* Exercise requirements *
Of the material below, the lines to be retyped are those from the line containing "2001 gradywhite boat" through the line containing "Prezydent Donald Trump", inclusive; reproduce them exactly.

*** Opening of Records shown ***

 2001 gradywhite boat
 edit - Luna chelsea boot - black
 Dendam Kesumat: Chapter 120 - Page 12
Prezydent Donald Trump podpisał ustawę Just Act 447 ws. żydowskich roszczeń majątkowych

*** Close of Records shown ***
*** Opening of Records shown ***

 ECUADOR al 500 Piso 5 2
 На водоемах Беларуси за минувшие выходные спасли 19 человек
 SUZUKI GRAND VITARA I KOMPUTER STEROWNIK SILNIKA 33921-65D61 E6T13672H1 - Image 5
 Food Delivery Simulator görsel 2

*** Close of Records shown ***
*** Opening of Records shown ***

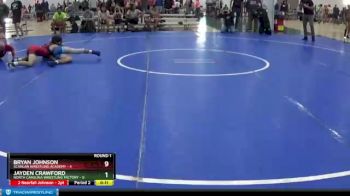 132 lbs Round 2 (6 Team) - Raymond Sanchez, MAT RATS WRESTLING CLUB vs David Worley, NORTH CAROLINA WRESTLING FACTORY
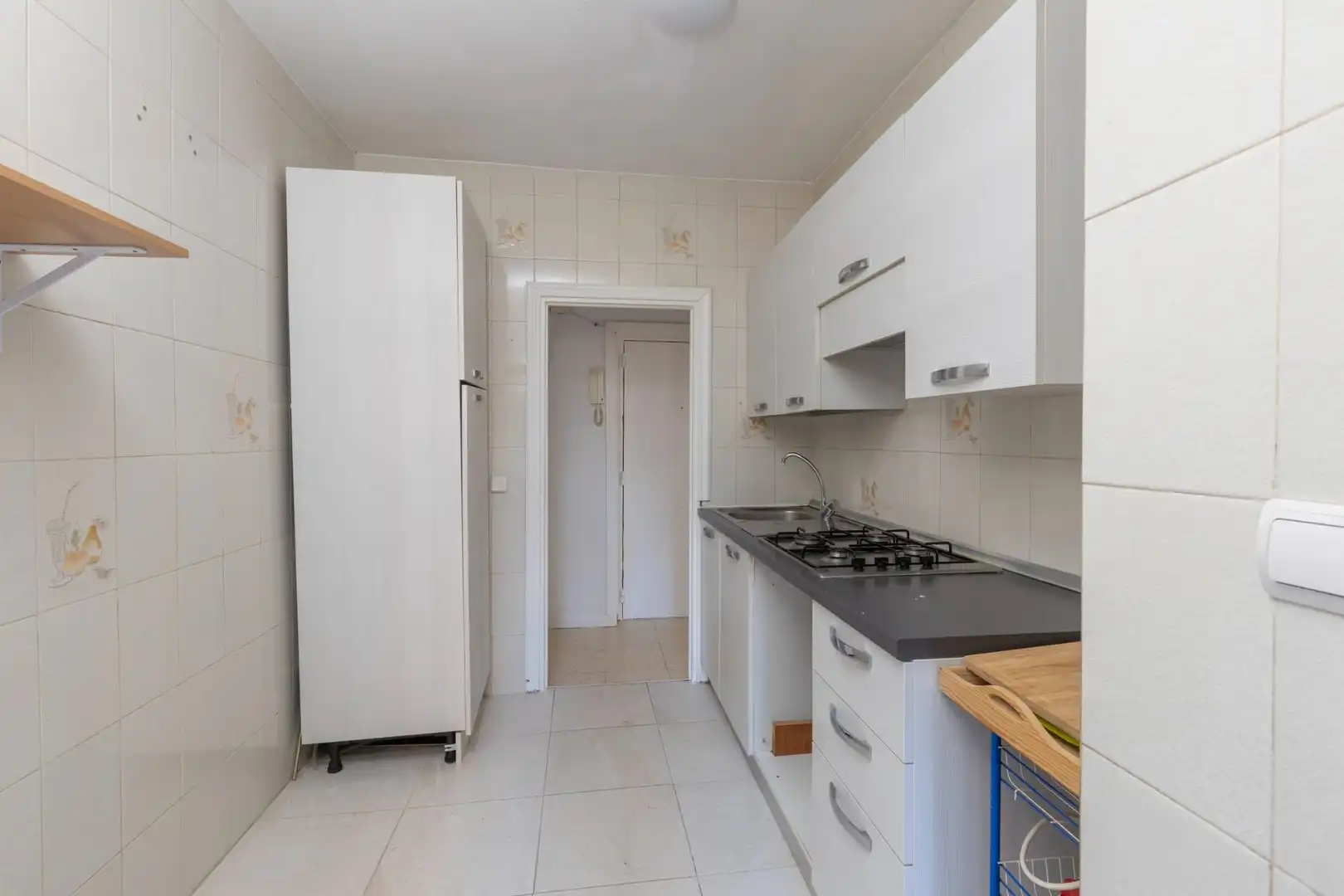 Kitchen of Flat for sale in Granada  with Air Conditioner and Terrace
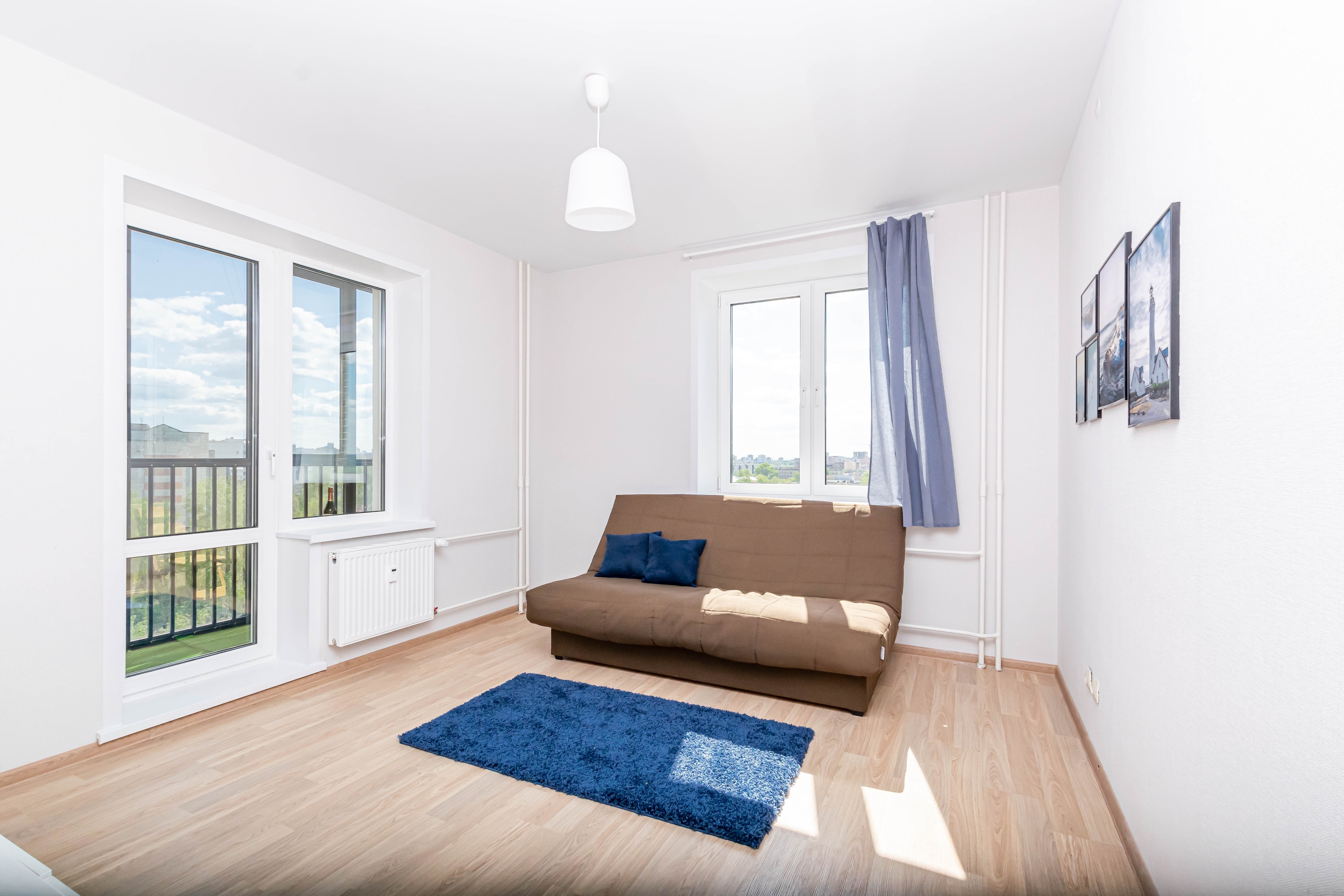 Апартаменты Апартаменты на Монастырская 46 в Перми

*** Close of Records shown ***

* Task solution *
 2001 gradywhite boat
 edit - Luna chelsea boot - black
 Dendam Kesumat: Chapter 120 - Page 12
Prezydent Donald Trump podpisał ustawę Just Act 447 ws. żydowskich roszczeń majątkowych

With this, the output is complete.